Si evocamos que todo lo que viene pasando en España: cambios del Código Penal para suprimir delitos como la sedición o rebajar las penas por malversación o la aprobación de leyes abiertamente contrarias a la Constitución, caso de la Amnistía, por no hablar de lo supone pactar con los separatistas catalanes un cupo que les permitirá disponer de la llave de la Hacienda Pública en Cataluña cediendo a la Generalidad la recaudación de todos los impuestos que se generan en aquél territorio, concluiríamos que todo se debe a la ambición de un solo hombre, un político escaso de escrúpulos democráticos que hace unos años habiendo perdido las elecciones –en 2016 las ganó el PP– urdió una trama de pactos con una miríada de partidos minoritarios, algunos declaradamente contrarios al sistema, que desembocó en la moción de censura que el 1 de junio de 2018 tumbó a Mariano Rajoy.
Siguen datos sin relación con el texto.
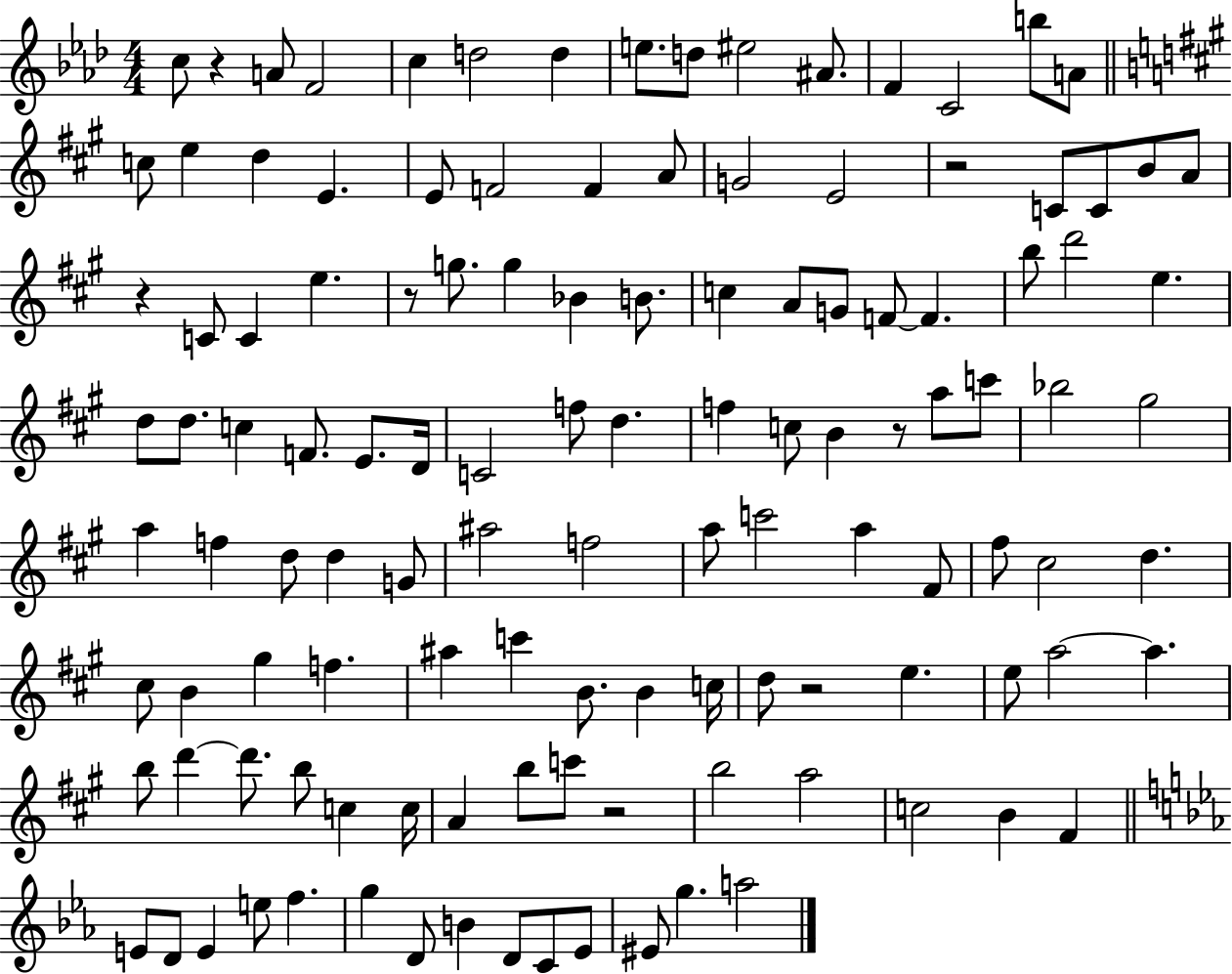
{
  \clef treble
  \numericTimeSignature
  \time 4/4
  \key aes \major
  c''8 r4 a'8 f'2 | c''4 d''2 d''4 | e''8. d''8 eis''2 ais'8. | f'4 c'2 b''8 a'8 | \break \bar "||" \break \key a \major c''8 e''4 d''4 e'4. | e'8 f'2 f'4 a'8 | g'2 e'2 | r2 c'8 c'8 b'8 a'8 | \break r4 c'8 c'4 e''4. | r8 g''8. g''4 bes'4 b'8. | c''4 a'8 g'8 f'8~~ f'4. | b''8 d'''2 e''4. | \break d''8 d''8. c''4 f'8. e'8. d'16 | c'2 f''8 d''4. | f''4 c''8 b'4 r8 a''8 c'''8 | bes''2 gis''2 | \break a''4 f''4 d''8 d''4 g'8 | ais''2 f''2 | a''8 c'''2 a''4 fis'8 | fis''8 cis''2 d''4. | \break cis''8 b'4 gis''4 f''4. | ais''4 c'''4 b'8. b'4 c''16 | d''8 r2 e''4. | e''8 a''2~~ a''4. | \break b''8 d'''4~~ d'''8. b''8 c''4 c''16 | a'4 b''8 c'''8 r2 | b''2 a''2 | c''2 b'4 fis'4 | \break \bar "||" \break \key ees \major e'8 d'8 e'4 e''8 f''4. | g''4 d'8 b'4 d'8 c'8 ees'8 | eis'8 g''4. a''2 | \bar "|."
}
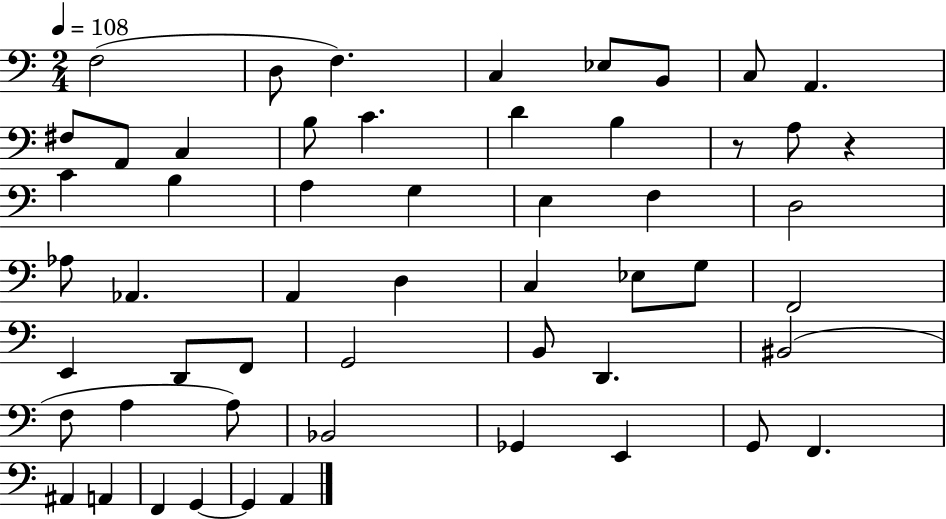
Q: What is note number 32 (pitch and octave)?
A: E2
A diferencia de lo que hizo Felipe González en 1996, cuando el PSOE fue derrotado por el PP liderado por José María Aznar y renunció a tejer nuevas alianzas con los nacionalistas catalanes. Felipe habló entonces de la «dulce derrota» porque el resultado había sido ajustado. Podía haber intentado pactar con Jordi Pujol, como lo hizo posteriormente Aznar, pero renunció. Era reconocer que había perdido las elecciones.
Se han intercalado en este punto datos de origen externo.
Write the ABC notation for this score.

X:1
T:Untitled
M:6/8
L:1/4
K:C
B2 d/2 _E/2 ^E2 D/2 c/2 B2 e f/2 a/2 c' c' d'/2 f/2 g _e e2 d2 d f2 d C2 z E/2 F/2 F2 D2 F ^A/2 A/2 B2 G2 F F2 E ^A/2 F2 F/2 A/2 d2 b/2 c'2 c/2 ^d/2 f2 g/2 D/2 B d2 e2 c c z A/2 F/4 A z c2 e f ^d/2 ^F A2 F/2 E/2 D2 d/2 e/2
Nada que ver con la actitud de Pedro Sánchez. Perdedor en las urnas pero incapaz de reconocerlo. Su ambición se retrata en cada una de las exigencias de los separatistas a las que tanto él como el PSOE han cedido a cambio de su apoyo parlamentario para seguir en el poder. Cuando se vaya nos parecerá haber tenido un mal sueño. Una pesadilla.